- _Data excerpts_
╭──
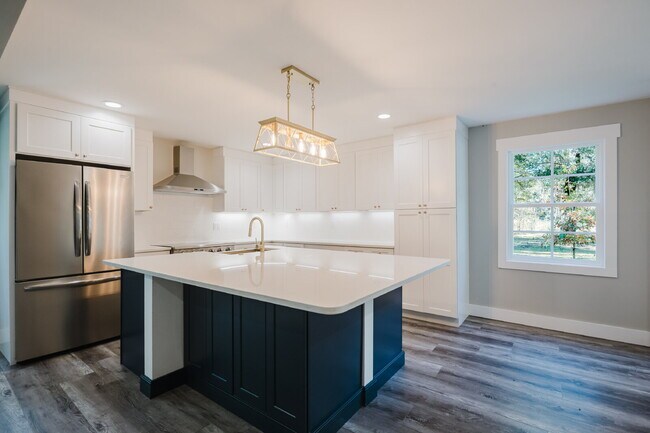 Building Photo - Secluded Four Bedroom Home on Seven Acres in Midway Farms!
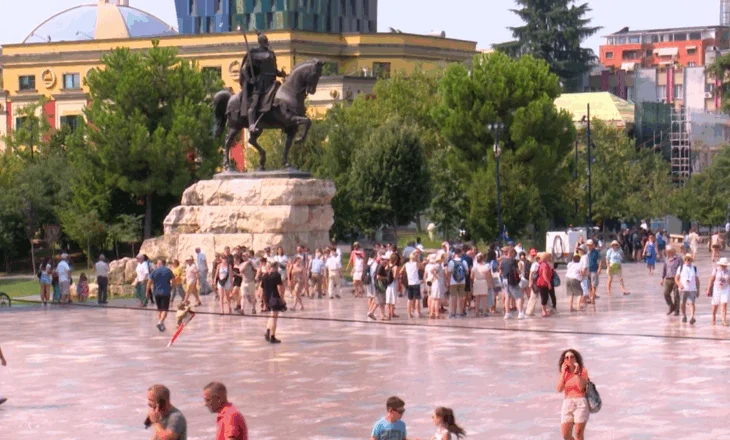 Turizmi në rritje: Mbi 1.6 milionë hyrje në Shqipëri gjatë majit 2025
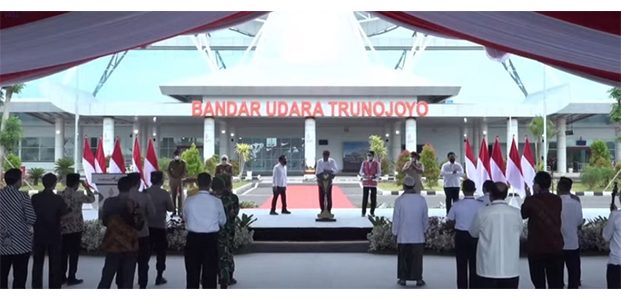 Kunjungi Sumenep, Presiden Resmikan Bandara Trunojoyo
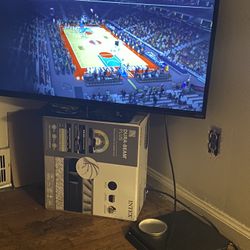 32” Tv And PS4 Combo
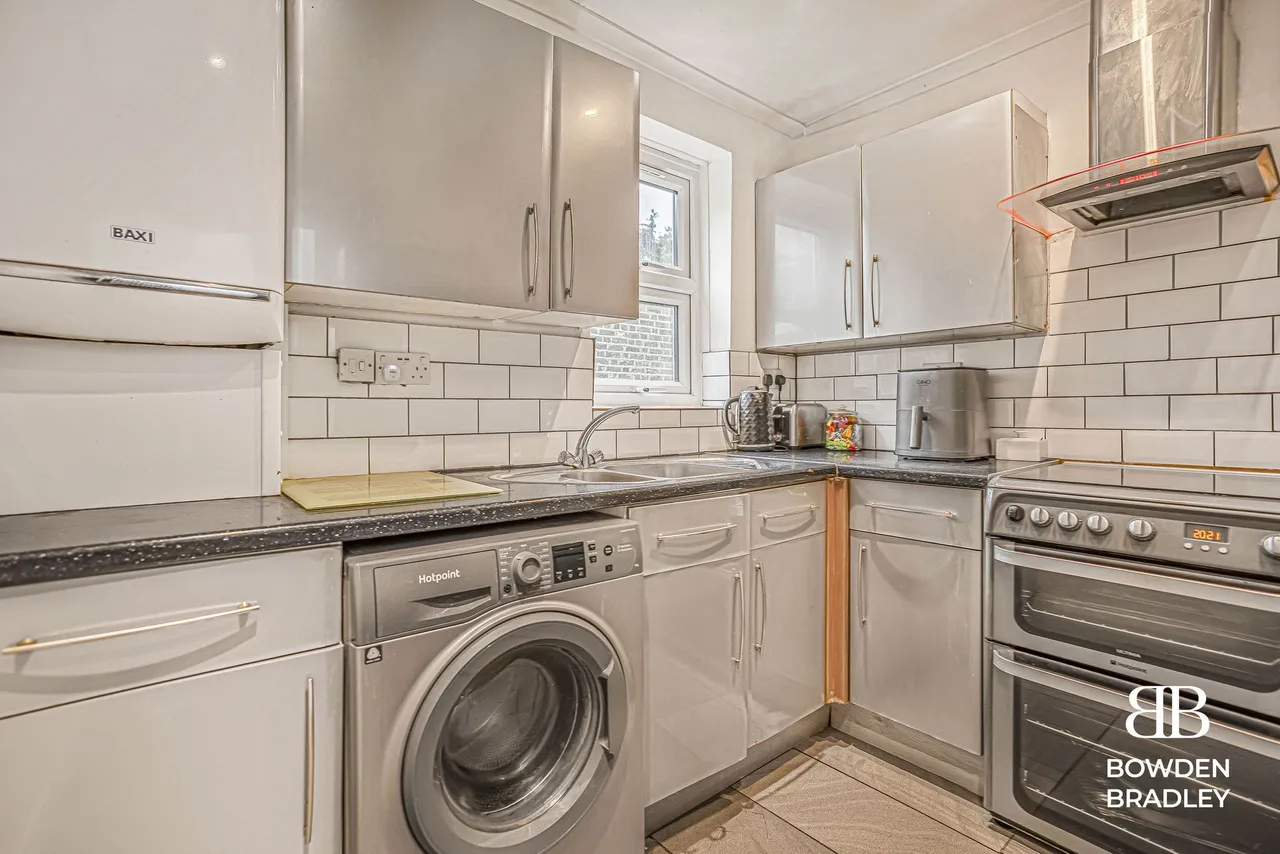 Empress Avenue, Ilford, IG1, photo 5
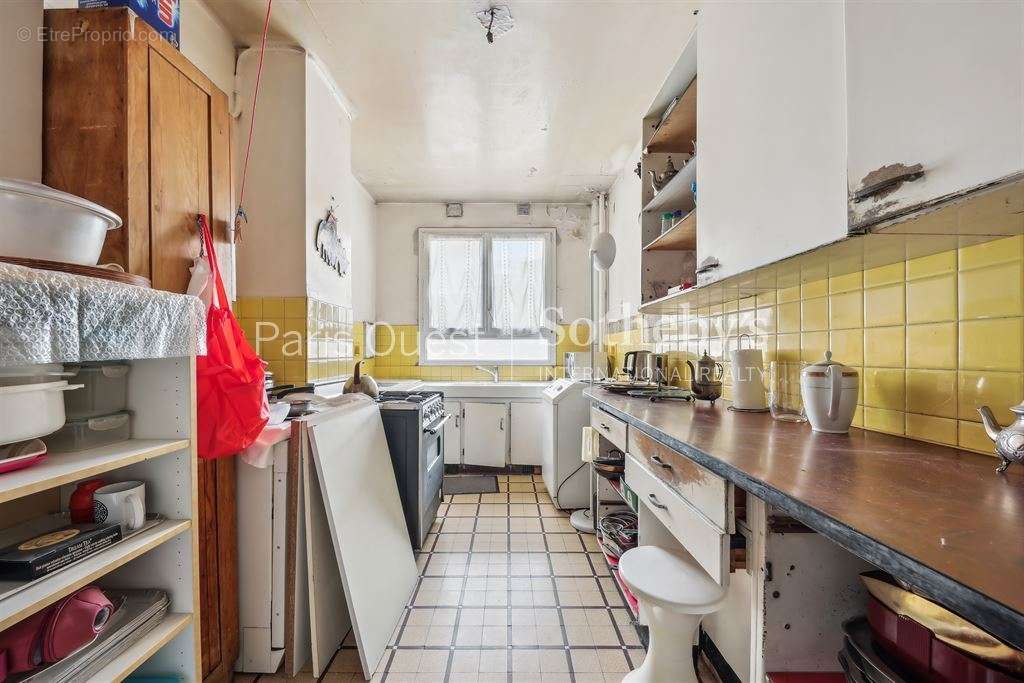 Appartement à PARIS-16E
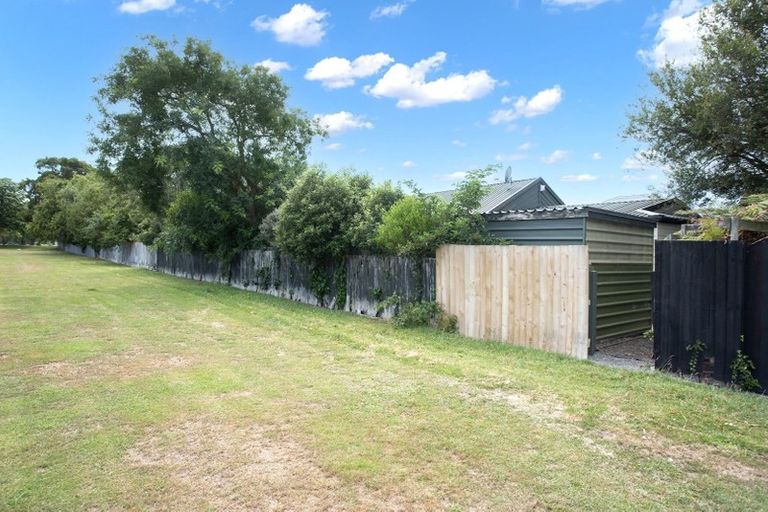 Photo of property in 2/9 Braemar Place, Avonside, Christchurch, 8061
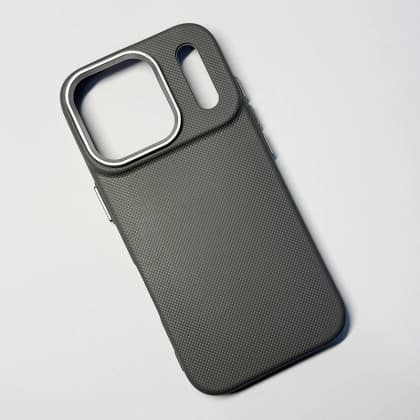 Maska MonoLine za iPhone 17 Pro Max siva Maska MonoLine za iPhone 17 Pro Max siva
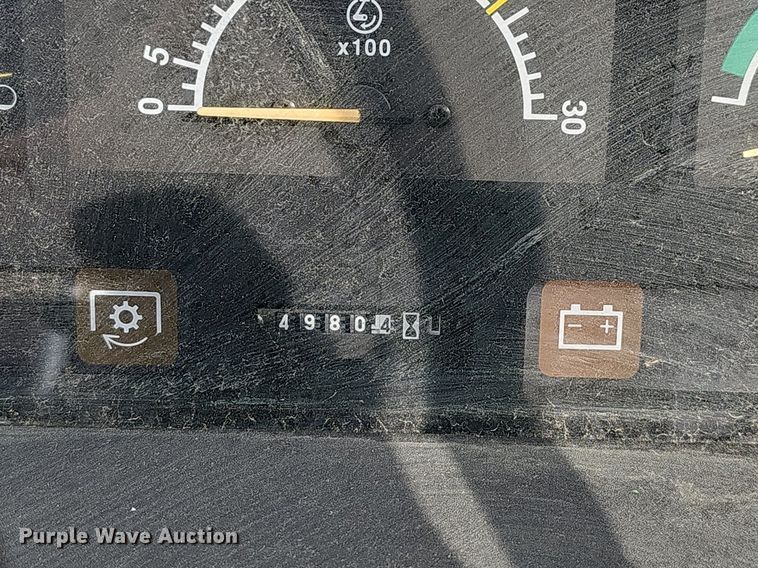 image for item EJ6067 1993 John Deere 5400 MFWD tractor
╰──
- _Work order_
In the copy, include every line of the entries above exactly and none of the pictures.

- _Written response_
 Building Photo - Secluded Four Bedroom Home on Seven Acres in Midway Farms!
 Turizmi në rritje: Mbi 1.6 milionë hyrje në Shqipëri gjatë majit 2025
 Kunjungi Sumenep, Presiden Resmikan Bandara Trunojoyo
 32” Tv And PS4 Combo
 Empress Avenue, Ilford, IG1, photo 5
 Appartement à PARIS-16E
 Photo of property in 2/9 Braemar Place, Avonside, Christchurch, 8061
 Maska MonoLine za iPhone 17 Pro Max siva Maska MonoLine za iPhone 17 Pro Max siva
 image for item EJ6067 1993 John Deere 5400 MFWD tractor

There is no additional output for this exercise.